In this architecture, SQL Database is used to store the contextualized data as a data mart, but you can use any storage option. To ensure idempotent processing, the data is merged into the system rather than appended. In addition to Delta Lake in the gold layer, you might need to separate data marts due to integration system requirements, security, performance, cost, or other reasons.

Contoso scenario

The solution in this article is based on the scenario that's described in this section.

Gary is an operations engineer at Contoso, Ltd. One of his responsibilities is to provide a weekly health report for the assets in Contoso factories within a specific city.

First, Gary needs to fetch all the asset IDs that he's interested in from the company's asset system. He then looks for all the attributes that belong to the assets to use as input for the health report. For example, the operational efficiency data of the asset with ID AE0520.

The following diagram illustrates some Contoso data relationships:

Contoso has many applications that help factory managers monitor processes and operations. Operational efficiency data is recorded in the quality system, another stand-alone application.

Gary signs in to the quality system and looks up the asset ID AE0520 in the AE_OP_EFF table. That table contains all the key attributes for operational efficiency data.

There are many columns in the AE_OP_EFF table. Gary is especially interested in the alarm status. However, the details for the most critical alarms of the asset are kept in another table called Alarm. Therefore, Gary needs to record that the key ID MA_0520 of the Alarm table corresponds to the asset AE0520, because they use different naming conventions.

The relationship is actually much more complicated. Gary needs to search for more than one attribute of the asset and sign in to many tables in different systems to get all the data for a complete report. He uses queries and scripts to perform his work, but the queries are complicated and hard to maintain. Even worse, the systems are growing, and more data needs to be added to the report for different decision makers.
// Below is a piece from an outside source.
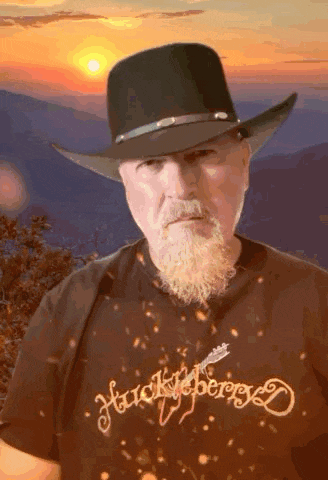 a man with a beard wearing a cowboy hat and a shirt that says huckleberry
One of the main problems for Gary is that the IDs of a given asset in various systems are different. The systems were developed and are maintained separately, and they even use different protocols. Gary needs to manually query the various tables to get data for a single asset. The queries are complex and difficult to understand. As a result, Gary spends a lot of time training new operations engineers and explaining the relationships in the data.

Gary needs a mechanism to link the various names that belong to a single asset across systems. This mechanism will make report queries simpler and make Gary's job easier.

Graph design

SQL Database provides graph database capabilities for modeling many-to-many relationships. The graph relationships are integrated into Transact-SQL.
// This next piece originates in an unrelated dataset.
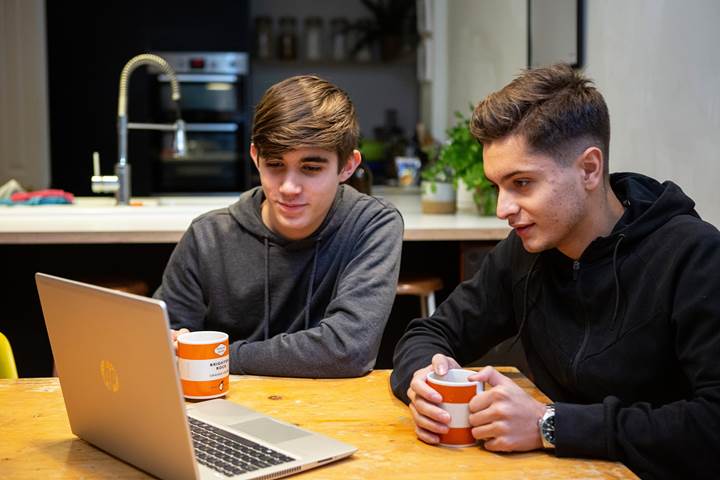 Two Teen Boys Looking At Laptop At Table Looking Jovial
A graph database is a collection of nodes (or vertices) and edges (or relationships). A node represents an entity, like a person or an organization. An edge represents a relationship between the two nodes that it connects, for example, likes or friends.

Graph model for the scenario

This is the graph model for the Contoso scenario:

• Alarm is one of the metrics that belong to Quality_System.
• Quality_System is associated with an Asset.

This is what the data looks like:

In the graph model, the nodes and edges need to be defined. Azure SQL graph uses edge tables to represent relationships. In this scenario, there are two edge tables. They record the relationships between Alarm and Quality_System and Quality_System and Asset.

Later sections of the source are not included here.